\u3000\u30 Shaanxi Zhongtian Rocket Technology Co.Ltd(003009) 11 Zhejiang Entive Smart Kitchen Appliance Co.Ltd(300911) )
Core view
Event: the company released its annual report for 2021, and achieved an annual operating revenue of 1.23 billion yuan, a year-on-year increase of + 71.66%; The net profit attributable to the parent company was 210 million yuan, a year-on-year increase of + 45.76%; It is proposed to distribute a cash dividend of 6.00 yuan (including tax) for every 10 shares.
Comments:
The annual performance was in line with expectations, and the growth rate of Q4 single quarter performance slowed down. On the whole, the company’s operating performance in 2021 was excellent, and the annual performance was in line with expectations. In the whole year, the revenue of the company’s integrated stove reached 1.126 billion yuan, a year-on-year increase of + 75.14%. The high growth of integrated stove products is mainly driven by the high outlook of the integrated stove industry, and the market share of the company’s products is accelerated by the simultaneous increase of volume and price. According to ovicloud, the market share of the company’s online / offline retail sales of integrated stove in 2021 is + 4.8pct / + 4.3pct to 11.3% / 6.9% respectively. Quarterly, the company achieved a revenue of 421 million yuan in 2021q4, a year-on-year increase of + 77.82%; The net profit attributable to the parent company was 54 million yuan, with a year-on-year increase of + 12.03%, and decreased compared with Q3 (Q3 + 58.11%). The growth rate of Q4 performance is slower than that of revenue and has slowed down compared with Q3. We believe that the main reason is that the gross profit margin is under pressure due to the rise in the price of raw materials.
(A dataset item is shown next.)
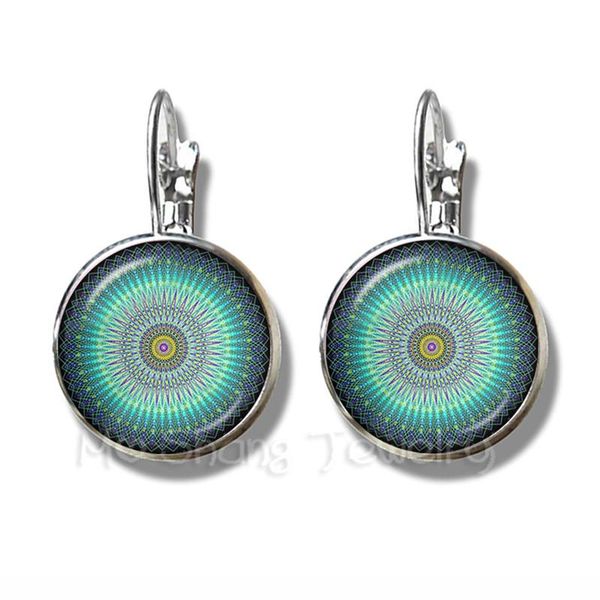 vintage flower of life earrings mandala elegant and complex pattern silver plated stud round glass women cabochon, Golden;silver
vintage flower of life earrings mandala elegant and complex pattern silver plated stud round glass women cabochon, Golden;silver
The investment of expenses has been strengthened, and the annual profit margin has been under pressure. Affected by the sharp rise in the price of raw materials during the year, the company’s gross profit margin in 2021 increased from -0.86pct to 44.73% year-on-year. During the whole year, the expense ratio was + 2.10pct to 26.25%, of which the sales / management / R & D expense ratio was + 2.72pct / – 0.94pct / + 0.10pct to 19.25% / 3.44% / 4.49% respectively. The increase in the sales expense ratio was mainly due to the company’s increased marketing investment, which comprehensively affected the annual net interest rate from – 3.03pct to 17.04% year-on-year. The profitability of the company was under pressure in the short term, and it is expected to improve with the stabilization of raw material prices.
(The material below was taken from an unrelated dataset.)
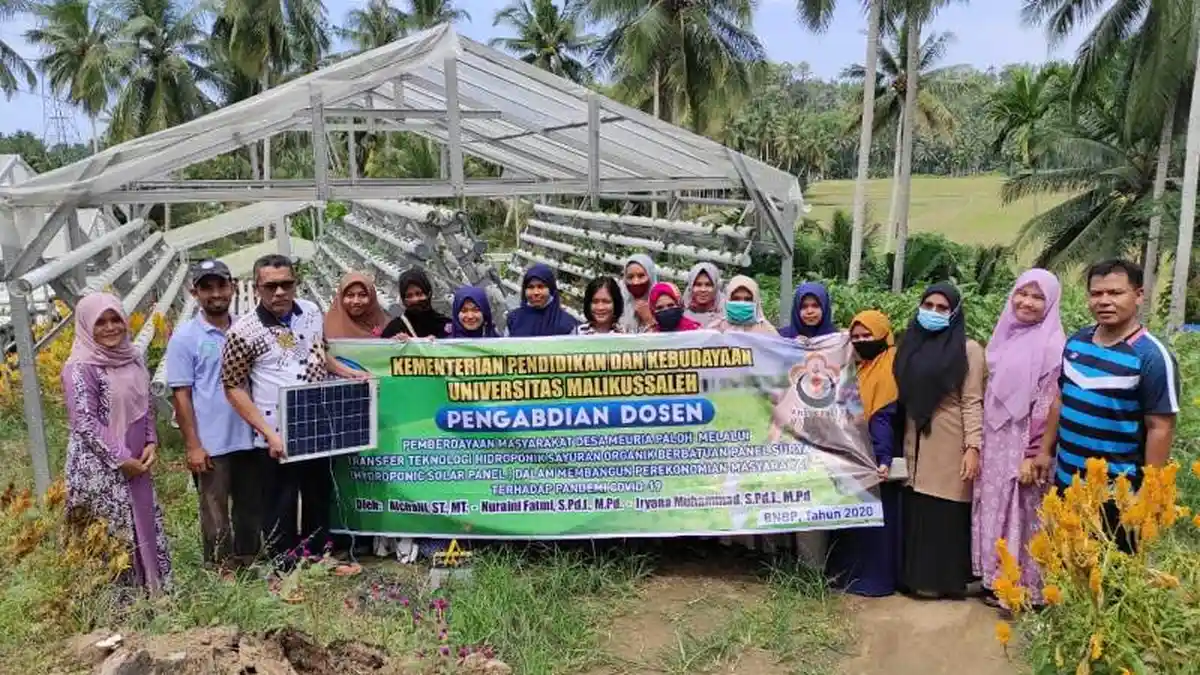 Dosen Unimal Ubah Energi Matahari Menjadi Arus Listrik untuk Siram Tanaman Sayuran Hidroponik 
The e-commerce platform has made efforts to improve the layout of emerging channels. The company strengthened the layout of e-commerce platforms. In 2021, the Gmv of the main e-commerce platforms reached 696 million yuan, a year-on-year increase of + 199%. The revenue of e-commerce platforms has become an important driving force for the company’s performance growth. In offline channels, the company continues to strengthen the construction of emerging channels (Ka / home decoration / Engineering channels) and sinking market expansion. By the end of 2021, the company has more than 1300 dealers, more than 3500 sinking channel outlets and dealer stores, and more than 5200 cooperative decoration enterprises. In the future, with the improvement of the company’s comprehensive operation strength of multiple channels, the revenue is expected to maintain rapid growth.
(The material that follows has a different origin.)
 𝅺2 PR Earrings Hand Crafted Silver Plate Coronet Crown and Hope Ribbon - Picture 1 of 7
Investment suggestion: the adjustment of organizational structure is beneficial to accelerate the integration of channels and maintain the “buy” rating. After the adjustment of the company’s organizational structure in 2021, the results are gradually showing. In the future, with the accelerated release of new products and the further improvement of the omni-channel strategy, the company’s performance is expected to continue to grow. We maintain the company’s profit forecast. It is estimated that the company’s net profit attributable to the parent company from 2022 to 2024 will be 276 / 350 / 433 million yuan respectively, corresponding to 24 / 19 / 16 times of the current market value PE respectively, maintaining the “buy” rating.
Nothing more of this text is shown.